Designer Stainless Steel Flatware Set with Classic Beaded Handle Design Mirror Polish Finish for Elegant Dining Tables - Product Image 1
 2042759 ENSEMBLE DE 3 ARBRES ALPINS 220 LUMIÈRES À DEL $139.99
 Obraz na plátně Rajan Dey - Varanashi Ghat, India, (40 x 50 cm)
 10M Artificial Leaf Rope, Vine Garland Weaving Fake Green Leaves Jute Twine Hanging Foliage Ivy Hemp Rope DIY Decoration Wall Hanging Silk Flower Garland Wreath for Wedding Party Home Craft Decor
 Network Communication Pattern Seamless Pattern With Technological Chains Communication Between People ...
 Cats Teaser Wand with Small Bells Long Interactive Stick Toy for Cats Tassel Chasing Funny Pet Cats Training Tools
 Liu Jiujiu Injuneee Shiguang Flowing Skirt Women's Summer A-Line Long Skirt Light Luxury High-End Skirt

■ ■ ■

Exercise requirements
Copy the records above faithfully. Begin at their first line, end at the line containing "Network Communication Pattern", and include nothing else.

Worked solution
Designer Stainless Steel Flatware Set with Classic Beaded Handle Design Mirror Polish Finish for Elegant Dining Tables - Product Image 1
 2042759 ENSEMBLE DE 3 ARBRES ALPINS 220 LUMIÈRES À DEL $139.99
 Obraz na plátně Rajan Dey - Varanashi Ghat, India, (40 x 50 cm)
 10M Artificial Leaf Rope, Vine Garland Weaving Fake Green Leaves Jute Twine Hanging Foliage Ivy Hemp Rope DIY Decoration Wall Hanging Silk Flower Garland Wreath for Wedding Party Home Craft Decor
 Network Communication Pattern Seamless Pattern With Technological Chains Communication Between People ...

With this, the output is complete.